Many times I have lifted out the boxes of Kenyan newspaper cuttings with a view to swift despatch. They date from 1992 to 2000, and are sorted into topics such as ‘forced marriage’, ‘female genital mutilation’, ‘street children’, ‘colonial residue’, ‘wildlife conservation’. There are articles on politics, land grabbing, the Kakamega gold rush, Maasai customs, Akamba myths, shape-shifting and witch finding. The period covered is one of great political change in Kenya – the World Bank impositions of structural adjustment and international pressure on the single party Moi regime to adopt multi-party politics Western-style. And there’s the catch. I can tell myself this cuttings file is of some historical importance. Is this not reason enough to keep it?
And the other reason? Well, it’s my source material, isn’t it? All the stories I have yet to write or finish off. How can I possibly throw out all this valuable stuff?
But still there’s the secret doubt. Quite a big niggle actually. Haven’t I hung on to it all because I doubt my own capacity to remember, and if I don’t remember, isn’t it too late to go back and mine this doggedly accumulated reference collection. Might I not function better without it? Liberate myself from the psychic albatross?

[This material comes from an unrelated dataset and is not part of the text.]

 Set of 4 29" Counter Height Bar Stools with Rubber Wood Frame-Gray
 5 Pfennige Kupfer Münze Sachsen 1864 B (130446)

And so it was – in the midst of this endlessly circular argument, stacks of yellowing papers all over the floor that I opened a box and found this photograph. I don’t know how it missed being put in the album. It must have been taken in the mid-90s on a day’s safari to Tsavo West National Park. And now I see it, I remember taking the photograph. The waterholes are at the safari lodge, the red soil caught in the full flush of midday sunlight. You can just make out a herd of zebra. And in the background are the Chyulu Hills, still deemed volcanically active after a million and half years of eruptions.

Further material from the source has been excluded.